The persist_image function grabs an image URL url and downloads it into the folder_path. The function will assign the image a random 10-digit id.

In [6]:
def persist_image(folder_path:str,url:str):
    try:
        image_content = requests.get(url).content

    except Exception as e:
        print(f"ERROR - Could not download {url} - {e}")

    try:
        image_file = io.BytesIO(image_content)
        image = Image.open(image_file).convert('RGB')
        file_path = os.path.join(folder_path,hashlib.sha1(image_content).hexdigest()[:10] + '.jpg')
        with open(file_path, 'wb') as f:
            image.save(f, "JPEG", quality=85)
        print(f"SUCCESS - saved {url} - as {file_path}")
    except Exception as e:
        print(f"ERROR - Could not save {url} - {e}")

**Putting both Search and Downloading Function Together**

The following function search_and_download combines the previous two functions and adds some resiliency to how we use the ChromeDriver. 
More precisely, we are using the ChromeDriver within a with context, which guarantees that the browser closes down ordinarily, even if something within the with context raises an error. search_and_download allows you to specify number_images, which by default is set to 100, but can be set to whatever number of images you want to download.

In [7]:
def search_and_download(search_term:str,driver_path:str,target_path='./images',number_images=100):
    target_folder = os.path.join(target_path,'_'.join(search_term.lower().split(' ')))

    if not os.path.exists(target_folder):
        os.makedirs(target_folder)

    with webdriver.Chrome(executable_path=driver_path) as wd:
        res = fetch_image_urls(search_term, number_images, wd=wd, sleep_between_interactions=0.5)
        
    for elem in res:
        persist_image(target_folder,elem)

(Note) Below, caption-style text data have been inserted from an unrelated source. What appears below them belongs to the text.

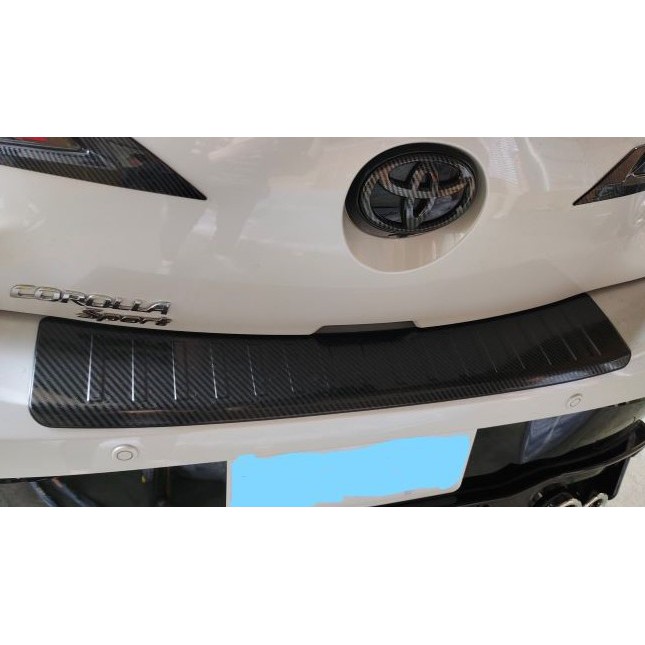 TOYOTA Corolla sport / AURIS 尾門 保桿上  防刮板 卡夢顏色  有標記號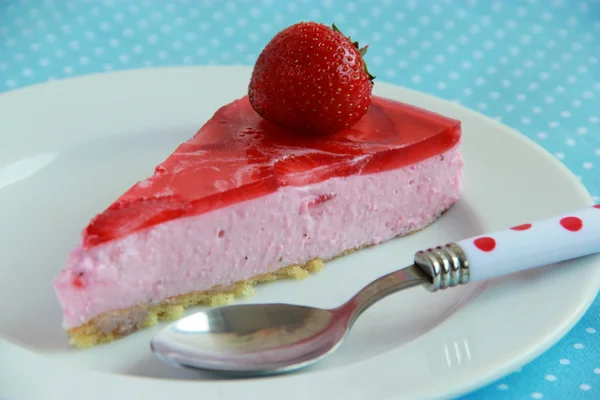 Gâteau mousse aux fraises avec gelée — Photo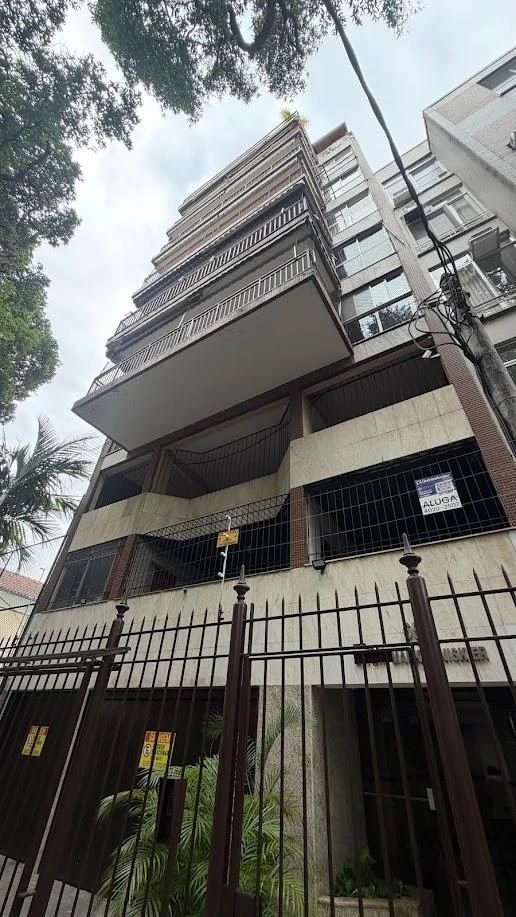 3-bedroom apartment with a mountain view in Rio de Janeiro — photo 51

**Following Lines of codes can be used to scrape 9 above mentioned categories of corrosion.**

1. **Steel Corrosion/Rust**

  search_term = 'Steel Corrosion/Rust'

  search_and_download(search_term = search_term, driver_path=DRIVER_PATH)

2. **Ships Corrosion**

3. **Ship Propellers Corrosion**

4. **Cars Corrosion**

5. **Oil and Gas Pipelines Corrosion**

6. **Concrete Rebar Corrosion**

7. **Water/Oil Tanks Corrosion**

8. **Stainless Steel Corrosion**

9. **NO CORROSION**